# 'The Taking of Pelham One Two Three' — atonal/serial film score



## Nawdry (Dec 27, 2020)

Researching issues about atonality and serial composition, I found the following interesting item posted within a discussion on the Quora forum:

--------------------------------------------------------------------------------

What is the appeal of atonality and serialism in music?
https://www.quora.com/What-is-the-appeal-of-atonality-and-serialism-in-music
...
[Posted by AJ]
...
Twelve-tone music that doesn't sound like it's twelve-tone?
I think I have an answer. Well, it's definitely twelve-tone; I know it is because not only has the composer said so, I once transcribed the horn part and checked. But also, the chord sequence in the pastoral bit towards the end is based on the same row.
Ladies and gentlemen, David Shire's score for the 1974 movie The Taking of Pelham 123, as represented here by the end title music:
https://youtu.be/iqMl_vbDo0w

I don't think that this is the finest piece of twelve-tone music. That would be something by Schoenberg, in my book, probably a toss-up between A Survivor from Warsaw and the String Trio. But this is a piece of twelve-tone music that anyone can enjoy.​








--------------------------------------------------------------------------------

Listening to this excerpt from the film score, I was intrigued to realize that the composition was actually engaging and appropriate for this exciting drama premised on the hijacking (for ransom) of a New York City subway train. Not something I would usually expect from atonal/serial music. Here's further information and observations from an online article in Film Score Monthly:

--------------------------------------------------------------------------------

For the score, David Shire—then going through a brilliant stretch of work which included The Conversation, Farewell, My Lovely, The Hindenburg, and All the President's Men—came up with a stroke of genius. He wanted to do some kind of funk/jazz/big band, but wanted a way of making it dissonant and powerful—not too light, but not too random. So for his melodic materials he utilized the 12-tone method of composition, a technique devised by Arnold Schoenberg in the early 20th century in which you make a theme by using all 12 pitches in a specific order, and then create other themes by playing that "row" backwards, upside-down, backwards and upside-down, or transposed. Shire ended up with a monster two-note bass line with these 12-tone themes running on top.
https://www.filmscoremonthly.com/cds/detail.cfm/CDID/33/Taking-of-Pelham-One-Two-Three-The/​
--------------------------------------------------------------------------------

Shire's score was nominated for a British Academy of Film and Television Arts award.

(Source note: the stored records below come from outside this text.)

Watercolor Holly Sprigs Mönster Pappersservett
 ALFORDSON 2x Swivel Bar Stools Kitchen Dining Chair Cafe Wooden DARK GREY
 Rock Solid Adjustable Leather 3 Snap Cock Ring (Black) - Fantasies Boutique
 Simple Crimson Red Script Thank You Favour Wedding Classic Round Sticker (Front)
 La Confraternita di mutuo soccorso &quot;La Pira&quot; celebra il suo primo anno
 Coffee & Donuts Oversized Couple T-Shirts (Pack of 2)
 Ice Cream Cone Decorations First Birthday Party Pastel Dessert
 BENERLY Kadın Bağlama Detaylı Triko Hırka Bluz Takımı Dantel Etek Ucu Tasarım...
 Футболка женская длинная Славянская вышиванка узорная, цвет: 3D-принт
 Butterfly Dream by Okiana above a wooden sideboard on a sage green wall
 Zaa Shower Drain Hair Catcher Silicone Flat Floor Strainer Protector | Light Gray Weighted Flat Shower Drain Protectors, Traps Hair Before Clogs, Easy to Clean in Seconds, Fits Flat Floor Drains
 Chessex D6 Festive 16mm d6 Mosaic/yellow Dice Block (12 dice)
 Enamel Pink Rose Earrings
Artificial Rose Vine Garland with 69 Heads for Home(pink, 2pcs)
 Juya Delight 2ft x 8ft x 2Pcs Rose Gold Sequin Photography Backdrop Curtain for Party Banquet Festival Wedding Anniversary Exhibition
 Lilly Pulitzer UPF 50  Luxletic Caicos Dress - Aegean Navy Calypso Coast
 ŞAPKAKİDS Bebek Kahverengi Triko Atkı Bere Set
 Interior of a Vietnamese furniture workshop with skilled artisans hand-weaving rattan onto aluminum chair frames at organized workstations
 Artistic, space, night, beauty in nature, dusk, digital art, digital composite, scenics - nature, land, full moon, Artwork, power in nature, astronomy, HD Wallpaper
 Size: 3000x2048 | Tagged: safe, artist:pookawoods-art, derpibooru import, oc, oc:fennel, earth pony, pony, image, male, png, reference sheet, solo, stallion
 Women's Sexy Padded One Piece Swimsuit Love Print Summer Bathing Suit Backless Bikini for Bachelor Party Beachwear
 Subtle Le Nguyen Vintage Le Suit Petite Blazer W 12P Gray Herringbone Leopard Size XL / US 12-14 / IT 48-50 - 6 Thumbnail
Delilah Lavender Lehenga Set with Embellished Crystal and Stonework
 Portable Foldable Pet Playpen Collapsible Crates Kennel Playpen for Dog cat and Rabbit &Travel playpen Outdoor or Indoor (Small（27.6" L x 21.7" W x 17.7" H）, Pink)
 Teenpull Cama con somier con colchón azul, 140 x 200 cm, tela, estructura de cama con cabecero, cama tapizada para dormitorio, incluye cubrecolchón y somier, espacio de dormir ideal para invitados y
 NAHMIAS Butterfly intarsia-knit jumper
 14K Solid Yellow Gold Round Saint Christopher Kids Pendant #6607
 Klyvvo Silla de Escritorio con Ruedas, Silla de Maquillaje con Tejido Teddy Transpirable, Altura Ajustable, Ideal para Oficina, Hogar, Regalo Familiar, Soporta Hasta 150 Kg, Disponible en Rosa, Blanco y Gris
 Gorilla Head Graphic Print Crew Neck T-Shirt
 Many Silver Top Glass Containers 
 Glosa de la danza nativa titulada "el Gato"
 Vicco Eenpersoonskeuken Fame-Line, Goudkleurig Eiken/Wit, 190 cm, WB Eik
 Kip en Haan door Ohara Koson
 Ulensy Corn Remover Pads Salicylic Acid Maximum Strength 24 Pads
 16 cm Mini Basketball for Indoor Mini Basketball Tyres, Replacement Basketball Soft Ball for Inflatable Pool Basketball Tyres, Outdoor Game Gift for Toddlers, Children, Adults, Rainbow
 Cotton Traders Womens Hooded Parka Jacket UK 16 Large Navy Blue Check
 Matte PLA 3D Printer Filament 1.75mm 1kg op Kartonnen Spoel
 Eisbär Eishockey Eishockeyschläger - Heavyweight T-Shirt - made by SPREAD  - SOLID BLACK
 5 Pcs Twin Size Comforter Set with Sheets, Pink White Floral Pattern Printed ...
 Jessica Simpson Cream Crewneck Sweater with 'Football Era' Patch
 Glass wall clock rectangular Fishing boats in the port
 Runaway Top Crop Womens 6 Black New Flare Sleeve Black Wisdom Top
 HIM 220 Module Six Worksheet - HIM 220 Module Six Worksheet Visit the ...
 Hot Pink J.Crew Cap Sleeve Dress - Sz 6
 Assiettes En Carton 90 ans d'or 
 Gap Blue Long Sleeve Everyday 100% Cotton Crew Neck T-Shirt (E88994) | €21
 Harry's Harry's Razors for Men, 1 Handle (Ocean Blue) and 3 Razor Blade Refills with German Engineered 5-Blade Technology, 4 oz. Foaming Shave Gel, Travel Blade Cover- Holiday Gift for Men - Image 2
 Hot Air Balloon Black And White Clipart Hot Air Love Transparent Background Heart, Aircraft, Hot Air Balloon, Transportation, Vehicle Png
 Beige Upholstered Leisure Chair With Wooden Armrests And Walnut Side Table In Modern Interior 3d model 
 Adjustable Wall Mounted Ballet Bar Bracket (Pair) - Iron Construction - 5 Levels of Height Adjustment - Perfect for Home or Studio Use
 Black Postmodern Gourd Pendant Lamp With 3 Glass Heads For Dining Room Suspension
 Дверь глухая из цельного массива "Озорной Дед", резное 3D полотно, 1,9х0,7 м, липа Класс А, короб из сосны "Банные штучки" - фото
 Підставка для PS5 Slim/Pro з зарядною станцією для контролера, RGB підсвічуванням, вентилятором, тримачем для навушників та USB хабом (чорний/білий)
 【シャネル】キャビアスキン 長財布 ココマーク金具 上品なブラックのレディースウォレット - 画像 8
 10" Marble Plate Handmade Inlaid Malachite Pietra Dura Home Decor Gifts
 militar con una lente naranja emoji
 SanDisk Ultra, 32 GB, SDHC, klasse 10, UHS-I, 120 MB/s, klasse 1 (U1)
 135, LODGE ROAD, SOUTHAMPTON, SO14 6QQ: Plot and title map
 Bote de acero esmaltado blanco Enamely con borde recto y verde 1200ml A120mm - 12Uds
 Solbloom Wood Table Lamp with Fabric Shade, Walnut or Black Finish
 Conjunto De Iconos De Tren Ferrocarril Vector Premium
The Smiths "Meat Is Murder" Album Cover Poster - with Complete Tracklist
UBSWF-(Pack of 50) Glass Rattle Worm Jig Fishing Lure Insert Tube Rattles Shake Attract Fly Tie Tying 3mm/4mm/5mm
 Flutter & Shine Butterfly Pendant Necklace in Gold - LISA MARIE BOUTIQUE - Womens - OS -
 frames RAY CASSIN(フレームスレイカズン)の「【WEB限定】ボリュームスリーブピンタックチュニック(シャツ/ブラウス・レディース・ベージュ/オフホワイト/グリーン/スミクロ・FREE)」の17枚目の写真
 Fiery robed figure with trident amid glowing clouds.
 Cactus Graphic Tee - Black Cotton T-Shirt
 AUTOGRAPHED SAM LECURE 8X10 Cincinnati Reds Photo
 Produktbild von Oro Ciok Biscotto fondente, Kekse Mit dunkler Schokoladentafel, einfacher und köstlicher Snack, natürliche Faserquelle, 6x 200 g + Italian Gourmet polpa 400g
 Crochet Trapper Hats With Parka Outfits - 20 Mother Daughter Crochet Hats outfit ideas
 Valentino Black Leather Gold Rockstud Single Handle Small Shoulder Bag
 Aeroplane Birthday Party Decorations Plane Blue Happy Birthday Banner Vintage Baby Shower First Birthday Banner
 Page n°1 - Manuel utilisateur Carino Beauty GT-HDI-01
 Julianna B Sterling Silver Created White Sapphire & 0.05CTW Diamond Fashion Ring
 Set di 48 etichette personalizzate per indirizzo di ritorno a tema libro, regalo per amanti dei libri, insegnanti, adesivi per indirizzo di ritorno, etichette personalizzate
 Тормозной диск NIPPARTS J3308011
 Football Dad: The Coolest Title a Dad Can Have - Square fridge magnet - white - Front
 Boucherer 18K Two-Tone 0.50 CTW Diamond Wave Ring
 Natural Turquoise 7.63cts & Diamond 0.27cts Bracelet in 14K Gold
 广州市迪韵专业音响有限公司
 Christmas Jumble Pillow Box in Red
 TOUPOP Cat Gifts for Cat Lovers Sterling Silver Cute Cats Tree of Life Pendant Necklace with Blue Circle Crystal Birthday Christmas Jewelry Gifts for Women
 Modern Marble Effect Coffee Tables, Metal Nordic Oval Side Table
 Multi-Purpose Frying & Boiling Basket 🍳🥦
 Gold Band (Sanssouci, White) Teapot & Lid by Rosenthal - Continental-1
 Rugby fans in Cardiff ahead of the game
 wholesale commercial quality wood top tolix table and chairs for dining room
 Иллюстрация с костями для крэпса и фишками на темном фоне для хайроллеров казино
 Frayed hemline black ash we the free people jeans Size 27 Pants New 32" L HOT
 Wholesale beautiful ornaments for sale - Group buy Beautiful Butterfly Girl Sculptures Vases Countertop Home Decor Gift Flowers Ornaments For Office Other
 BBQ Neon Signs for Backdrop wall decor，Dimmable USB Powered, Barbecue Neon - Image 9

I can't think of another major movie score I've heard which used atonal/serial as the basis of composition, but are there more examples? I wonder if it was used throughout the film, or just for the screen credits and titles.


----------



## gregorx (Jan 25, 2020)

Planet of the Apes: Original Motion Picture Soundtrack - Jerry Goldsmith (1968)


----------



## GingerOpera (3 mo ago)

Both Planet of the Apes and Pelham 123 are great examples. There's also plenty of Atonal scores by Leonard Rosenman. You could also try Images by John Williams which is so Atonal it's actually rather disturbing which is why I never listen to it. For a more recent effort try The House on Haunted Hill by Don Davis. In fact there are heaps of Atonal film scores out there. Another Goldsmith classic is his music for The Mephisto Waltz. Cheers R


----------



## larold (Jul 20, 2017)

"Mob Town" score not only atonal but uses alternate instruments.


----------



## mikeh375 (Sep 7, 2017)

That section you posted isn't technically atonal @larold. It is nicely tense though.


----------



## Forster (Apr 22, 2021)

Nawdry said:


> [...] I was intrigued to realize that the composition was actually engaging and appropriate for this exciting drama premised on the hijacking (for ransom) of a New York City subway train. Not something I would usually expect from atonal/serial music.


It just goes to show that the method of composition isn't necessarily what's relevant to its appreciation. I'm no musical analyst, but if the "melody" has been created using 12-tone, the context for the melody sounds to me as pretty conventional "big-band/jazz" and yes, well suited to the kind of political movies of the 70s that Shire was scoring.


----------



## Simon Moon (Oct 10, 2013)

Robert Gerhard, great Spanish composer, composed the score for "This Sporting Life" (1961).


----------



## Simon Moon (Oct 10, 2013)

In the 1972 Robert Altman (mostly successful) psychological thriller, "Images", John Williams alternates between tonality and atonality to good effect.

The main character, well played by Susannah York, is going crazy, and hallucinating throughout the film.

A good example starts at about 10:40 minutes in.


----------



## ribonucleic (Aug 20, 2014)

Johnny Mandel in _Point Blank_ and Jerry Fielding in _The Mechanic_ are both excellent.


----------